A inflação persistente nos EUA também pesa como justificativa para um novo ajuste. O consenso Mover prevê que o núcleo do Índice de Preços ao Consumidor avance a 5,6% na comparação anual em março, ante 5,5% em fevereiro. Na base mensal, o núcleo do CPI deve desacelerar para 0,4% em março, ante 0,5% em fevereiro. O Fed persegue uma meta média de 2,0%. Os dados serão divulgados pelo Departamento do Trabalho na quarta-feira.
Mas já há sinais de esfriamento na economia. Dados do Payroll mostraram que os reajustes salariais, em termos anuais, avançaram no menor ritmo desde junho de 2021, a 4,2%. Também na semana passada, dados da ADP revelaram que o setor privado dos EUA criou 145 mil empregos em março, abaixo do consenso Mover, que previa abertura de 200 mil postos.
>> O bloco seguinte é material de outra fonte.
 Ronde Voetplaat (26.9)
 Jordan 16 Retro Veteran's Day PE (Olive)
Também em março, o número de vagas de emprego abertas nos EUA para cada desempregado recuou ao menor nível em quase dois anos, a 1,7, segundo o relatório Jolts.
Contribui ainda mais para turvar o cenário de decisão das autoridades do Fed a recente turbulência bancária presenciada nos EUA e na Europa, que culminou com a falência de dois bancos regionais americanos e a aquisição do Credit Suisse pelo UBS.
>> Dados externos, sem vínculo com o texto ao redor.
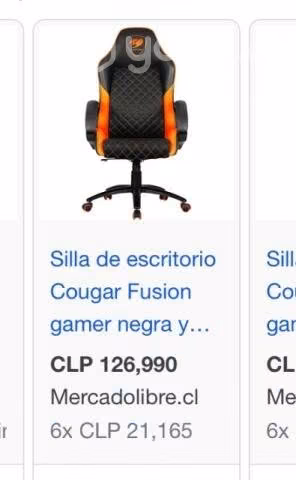 Silla Cougar Fusion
Os desdobramentos dos episódios financeiros estiveram no centro das discussões do FOMC até o último momento de seu mais recente encontro decisório em março. De acordo com o Wall Street Journal, os membros do comitê tomaram a decisão de juros apenas na segunda-feira, 20 de março, diante de uma reação positiva dos mercados acionários à aquisição forçada do CS pelo UBS.
O aperto de 25 pontos-base em março também foi uma movimentação que pode dar ao banco central mais flexibilidade para abrir mão de uma alta adicional em maio, caso perceba evidências de uma condição de crédito mais apertada na economia local.
Ainda que o risco de uma crise financeira sistêmica global pareça ter se dissipado, o assunto ainda desperta temores diante de seu caráter recessivo e deflacionário. Os rendimentos dos títulos do Tesouro americano de dois anos – que estão entre os papéis mais sensíveis à política monetária – chegaram a registrar a maior queda semanal desde 2001 em março, com investidores buscando refúgio em títulos públicos de curto prazo após a turbulência bancária nos mercados globais.
O presidente do Fed, Jerome Powell, reconheceu na coletiva de imprensa que se seguiu à decisão do FOMC que um eventual aperto de crédito pode reproduzir os mesmos efeitos sobre as condições financeiras quanto um aumento de juros de 0,25 ponto percentual. “Isso significa que a política monetária pode ter menos trabalho a fazer, mas nós simplesmente não sabemos”, explicou.
Diante de uma série de dados conflitantes, os mercados acionários começaram a reproduzir a onda de pessimismo dos investidores. Em uma semana encurtada pelo feriado de Páscoa, os índices S&P500 e Nasdaq 100 perderam 0,10% e 0,90%, respectivamente, na semana passada. O Dow Jones, na ponta oposta, avançou 0,63%, beneficiado pela migração de investidores para papéis de setores defensivos.